A lump in the axilla or the supraclavicular fossa may indicate regional lymph node (LN) metastases. Skeletal or abdominal pain, cough, breathlessness or neurological signs or symptoms may suggest metastatic cancer.

Breast Cancer-Essentials-Fig1.2

Figure 1.2: Inflammatory cancer in the left breast.
Credit: Dr Mazen Sudah, Department of Radiology, Kuopio University Hospital, Dr Katja Hukkinen, Department of Radiology, Helsinki University Hospital and Dr Päivi Heikkilä, Department of Pathology, Helsinki University Hospital.

Inflammatory carcinoma is characterised by erythema and oedema of the breast. It usually encompasses the entire breast or at least one third of the skin. The breast skin may resemble ‘orange peel’. A large diffuse mass is often present in the breast.

It is usually caused by poorly differentiated ductal cancer. Cancer cells obstruct the dermal lymphatic vessels and cause the skin oedema. A skin punch biopsy can provide the diagnosis, as tumour emboli are found in the dermal lymphatic vessels, but a negative skin biopsy does not exclude the diagnosis. 

Breast infection-related skin redness and oedema is often associated with fever and tenderness, which is not typical of inflammatory BC.

Breast Cancer-Essentials-Fig1.3

Figure 1.3: Paget disease.
Credit: Dr Mazen Sudah, Department of Radiology, Kuopio University Hospital, Dr Katja Hukkinen, Department of Radiology, Helsinki University Hospital and Dr Päivi Heikkilä, Department of Pathology, Helsinki University Hospital.

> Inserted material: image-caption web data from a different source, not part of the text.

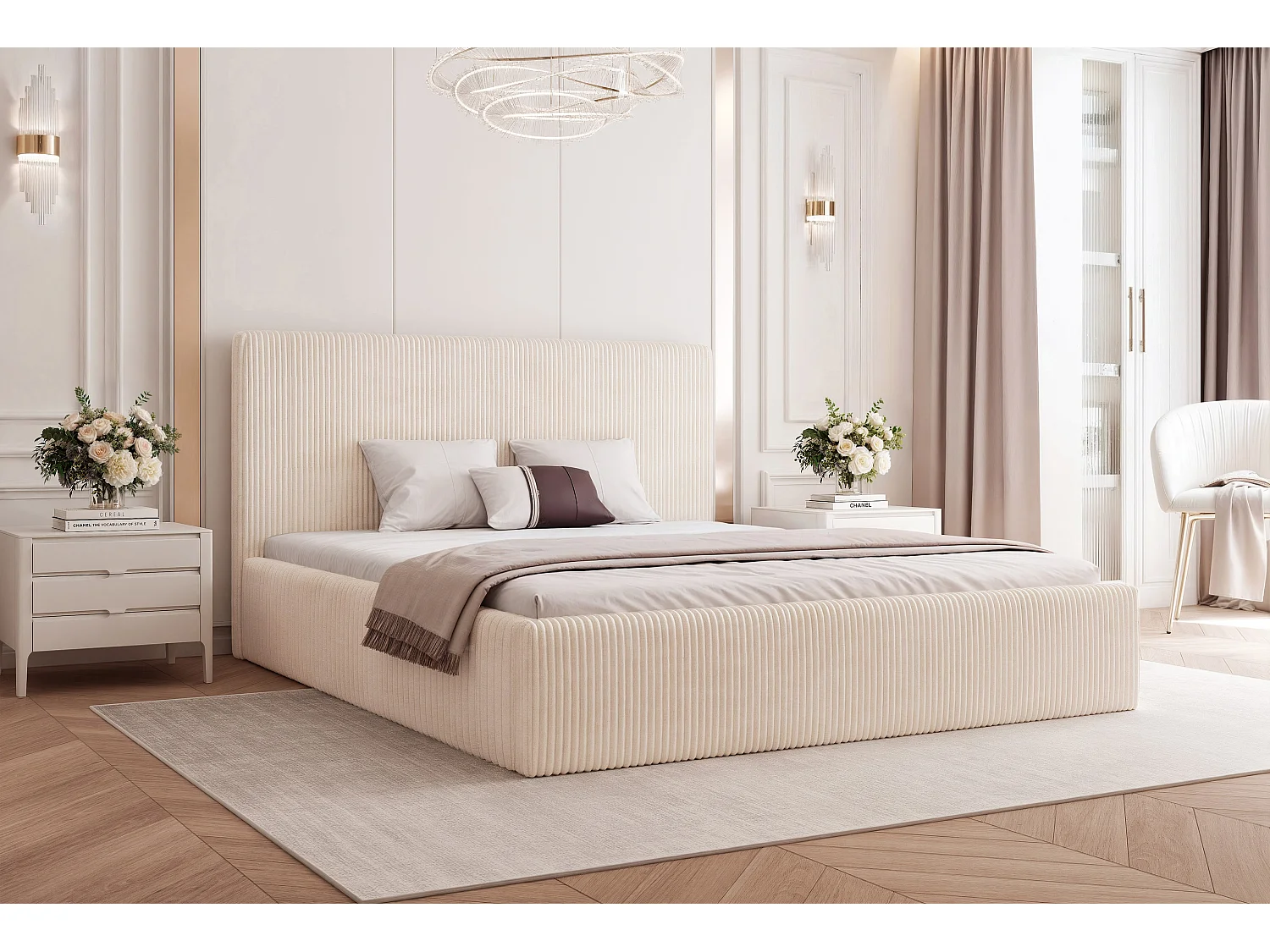 BESILIO Lit 160x200 Vienna – lit avec coffre de rangement, lit fin, sommier à lattes – tissu velours – Crème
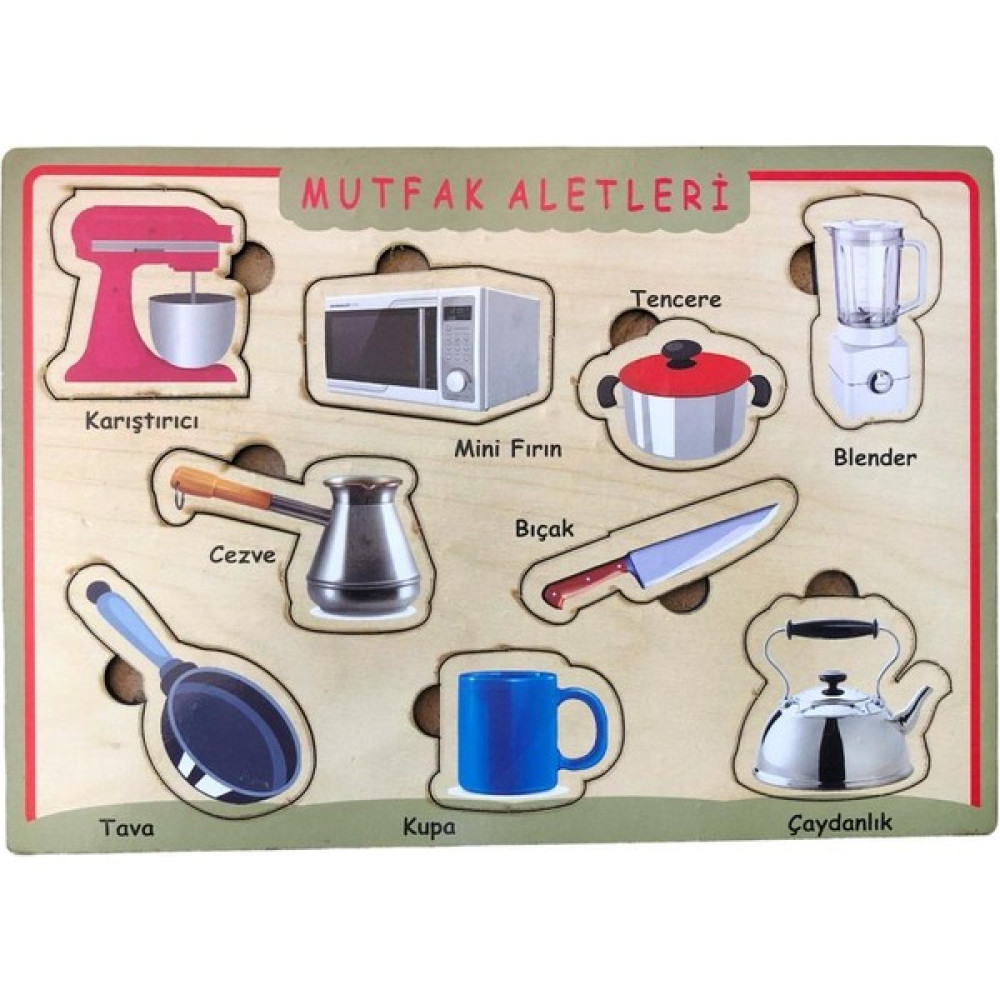 Farbu Oyuncak Ahşap Bultak Puzzle 9 Parça Arka Yüzü Yazı Tahtalı Yapboz Mutfak Aletleri - Renkli Puzzle & Aksesuarları Fiyatı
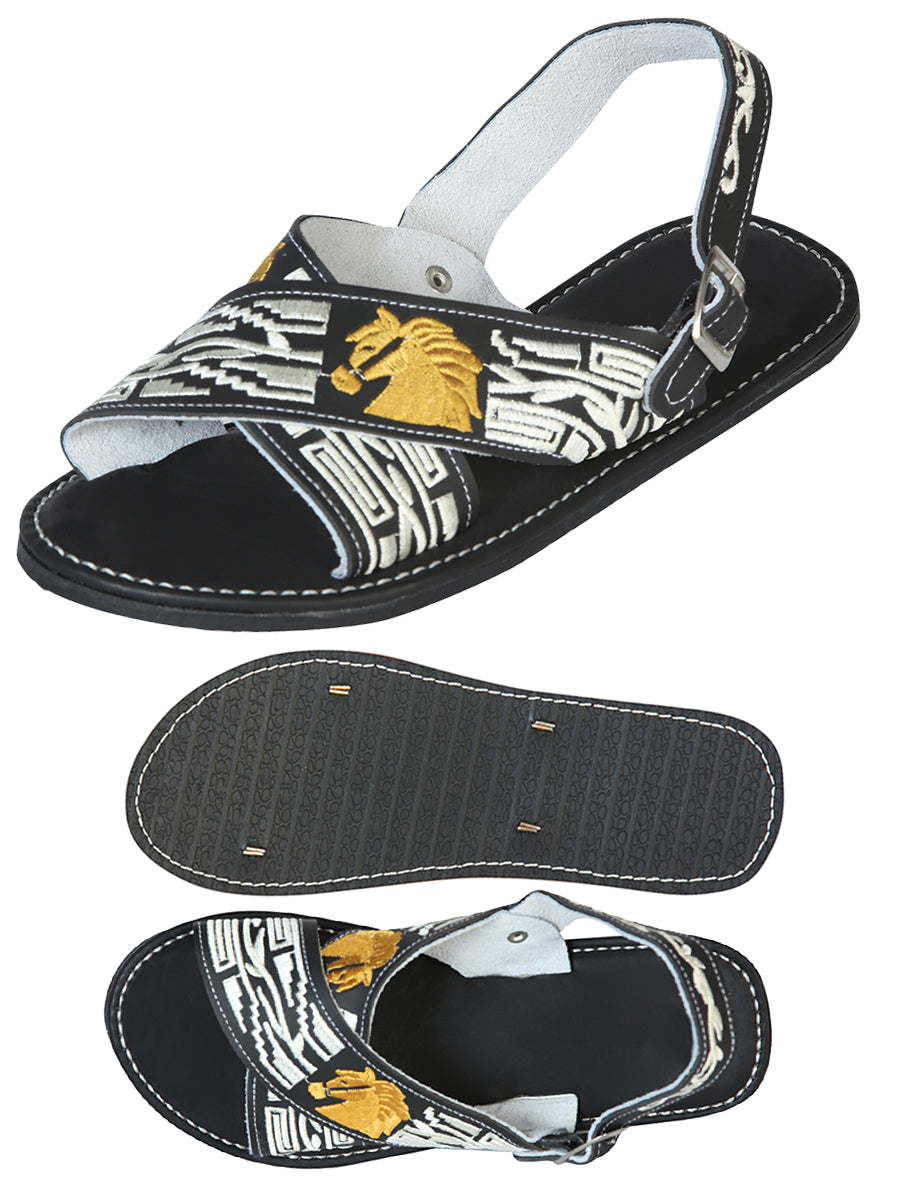 Mexican Artisanal Sandals 50% Leather, 50% Synthetic Black  603792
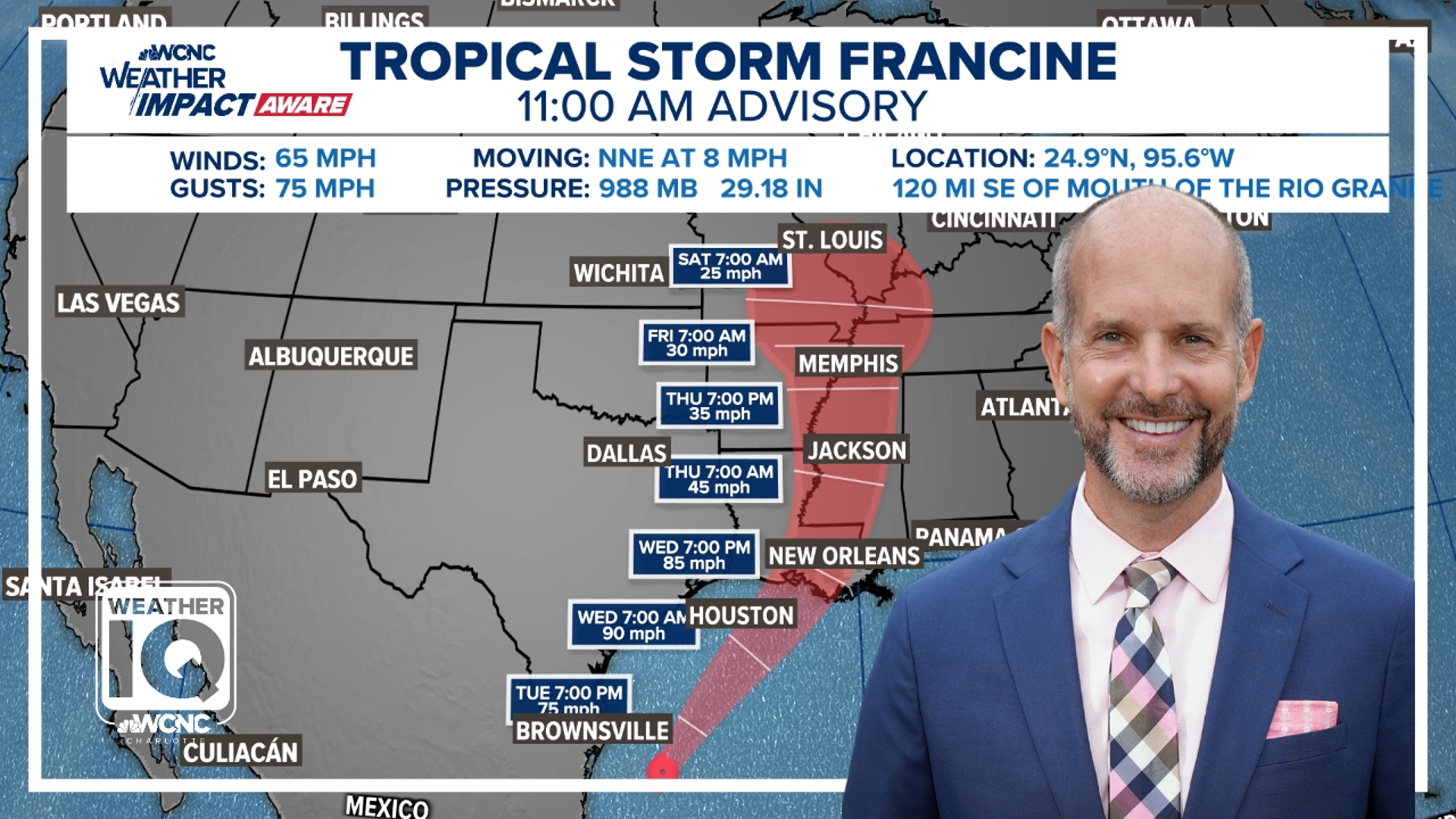 Brad Panovich provides the latest forecast path for the tropical storm expected to make landfall as a hurricane in Louisana.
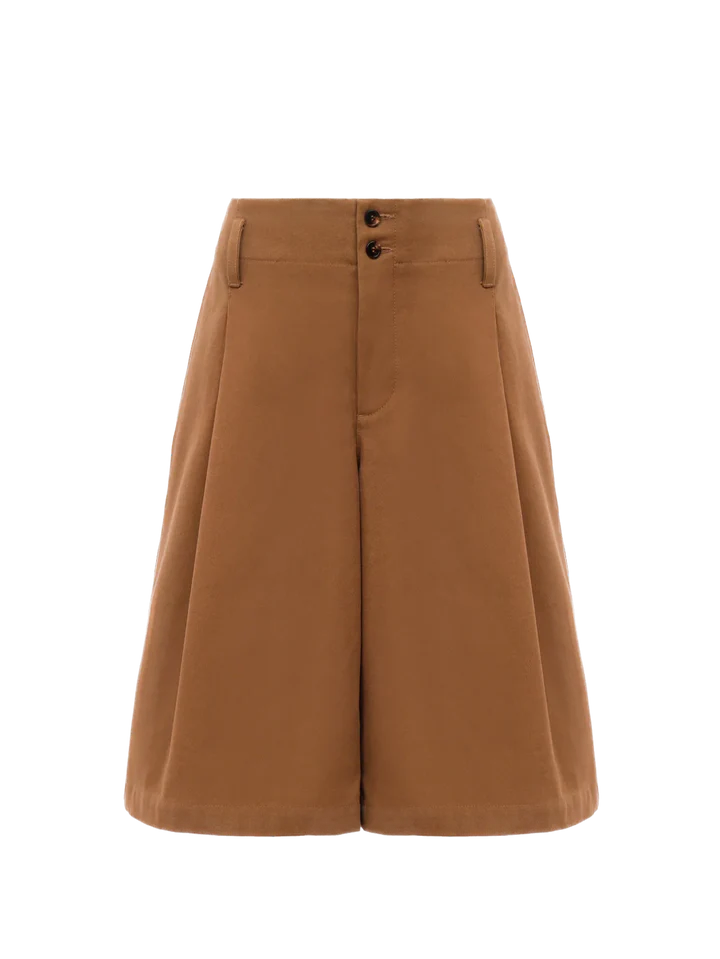 CHLOÉ - Bermuda taille haute marron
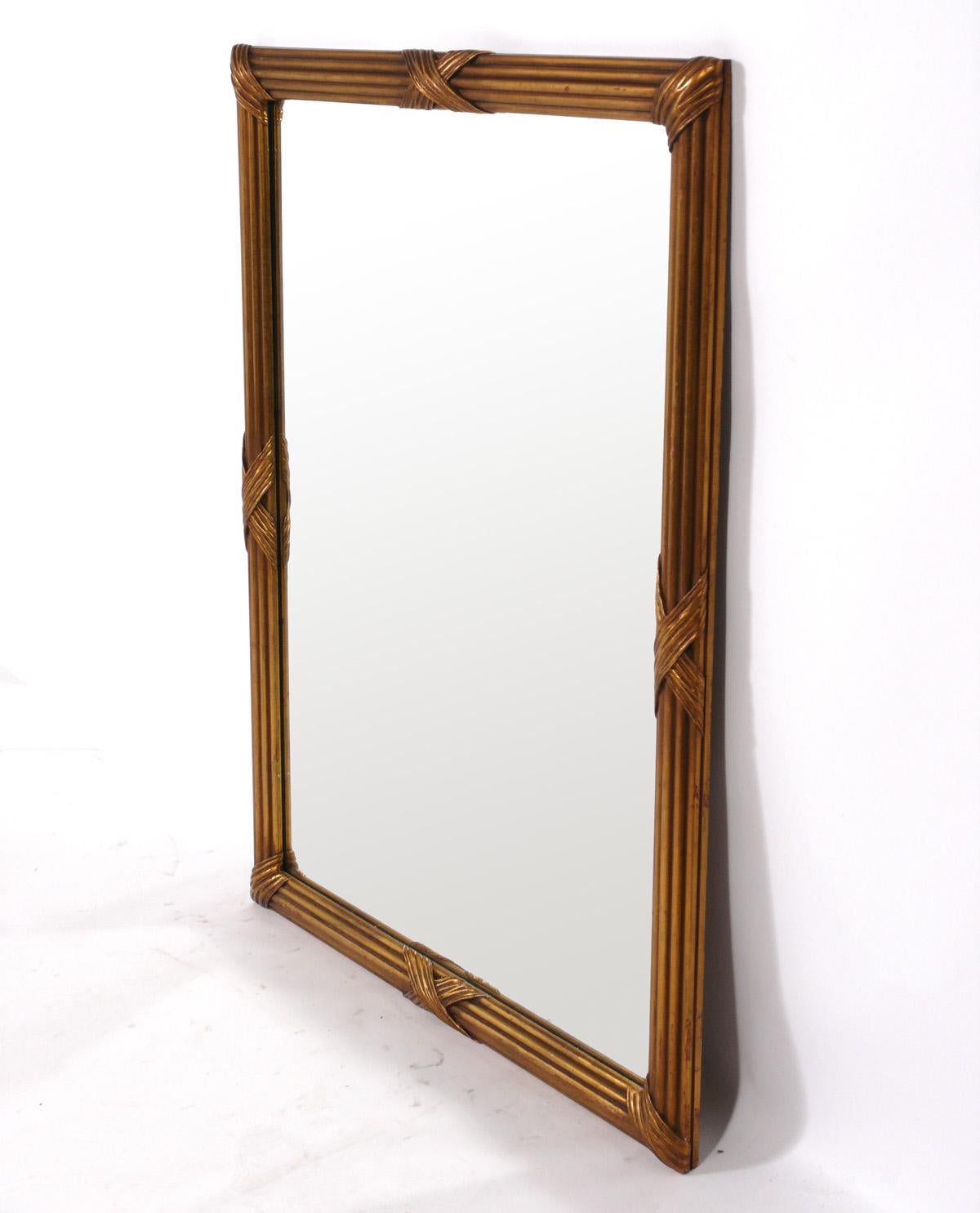 Large Gilt Mirror, American, circa 1940s. This mirror was recently removed from the legendary Carlyle Hotel in NYC. It measures an impressive 44.25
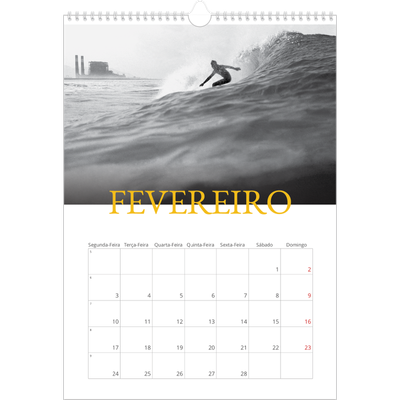 Calendário A3 — Estilo Heritage [Fevereiro]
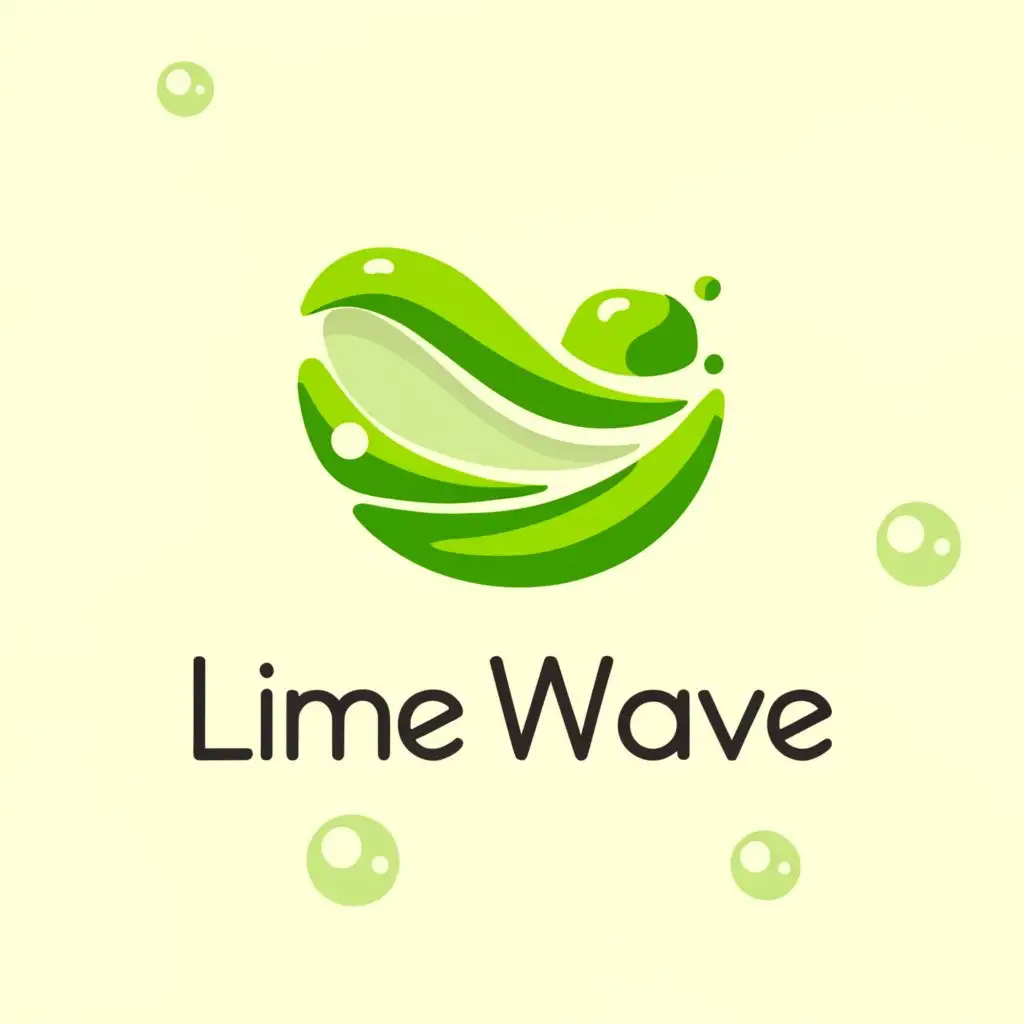 a logo design, with the text 'lime wave', main symbol: soap, Moderate, bubble background 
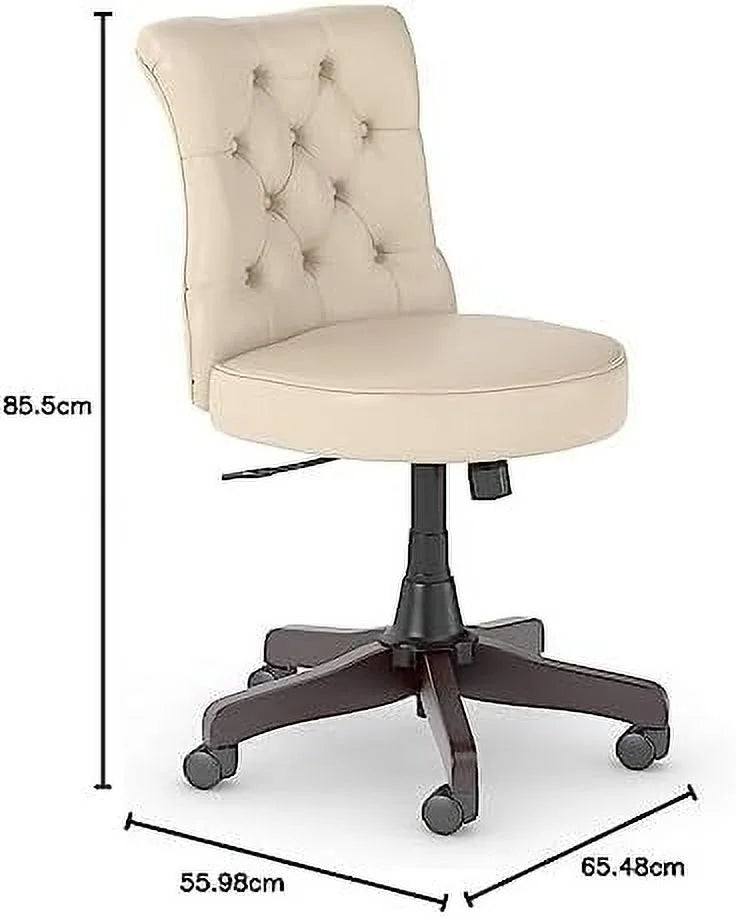 Antique White Leather Mid Back Tufted Office Chair L211929
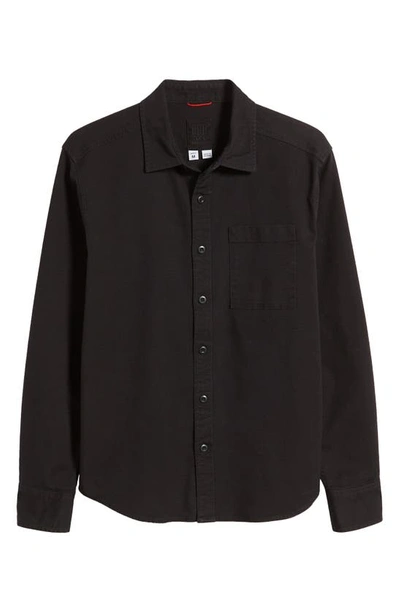 Shop Topo Designs Dirt Shirt Solid Stretch Organic Cotton Button-up Shirt In Black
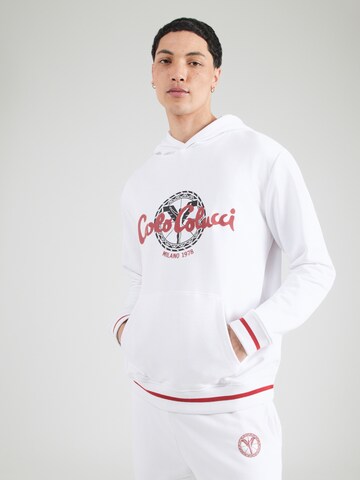 Sweat-shirt Carlo Colucci en blanc : devant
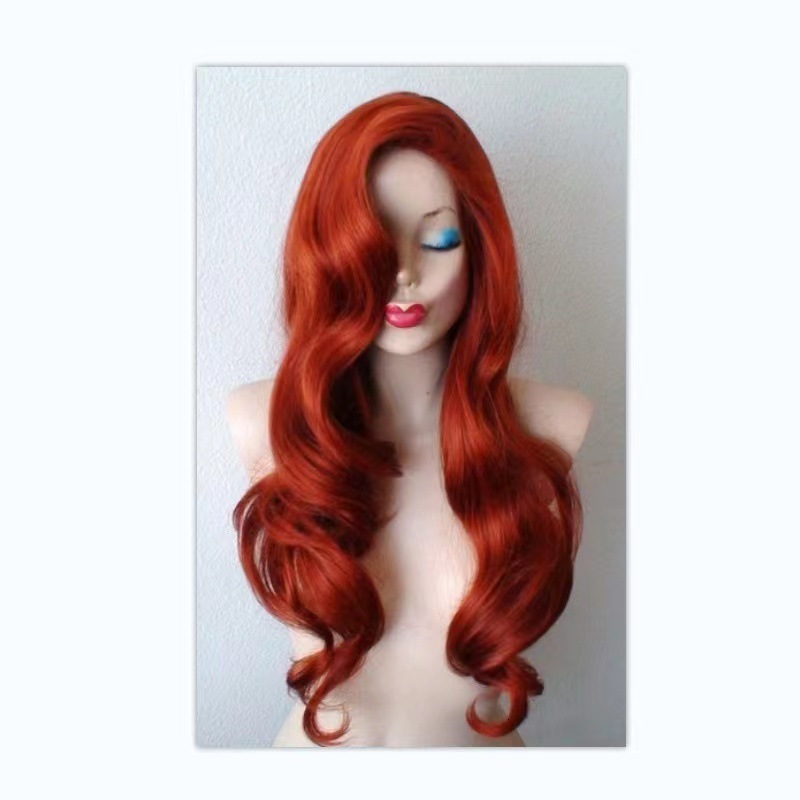 New 2024 Wig Female Wig Female Wig Wine Red Medium length Curled Hair Synthetic Headset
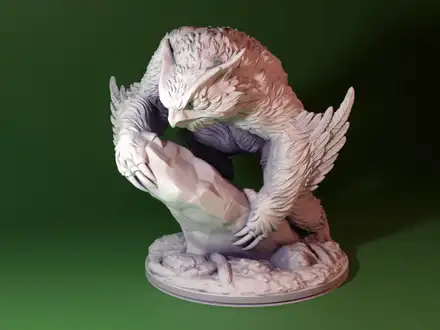 Owlbear miniature on rock 猫头鹰熊 D&D模型 龙与地下城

Paget disease is an eczema-like in situ cancer that involves the areola, the nipple or both.

Paget disease is associated with invasive or in situ cancer in approximately 90% of affected individuals. On the other hand, fewer than 5% of BCs are associated with Paget disease.

A skin biopsy and breast imaging (mammography and breast ultrasound [US] examination) should always be performed when a patient has persistent eczema in the nipple or the areola.

Revision questions

  1. What proportion of BCs are local or locoregional at the time of diagnosis?
  2. What are the typical signs and symptoms of BC?
  3. What is the pathophysiology behind the typical symptoms and signs of inflammatory BC?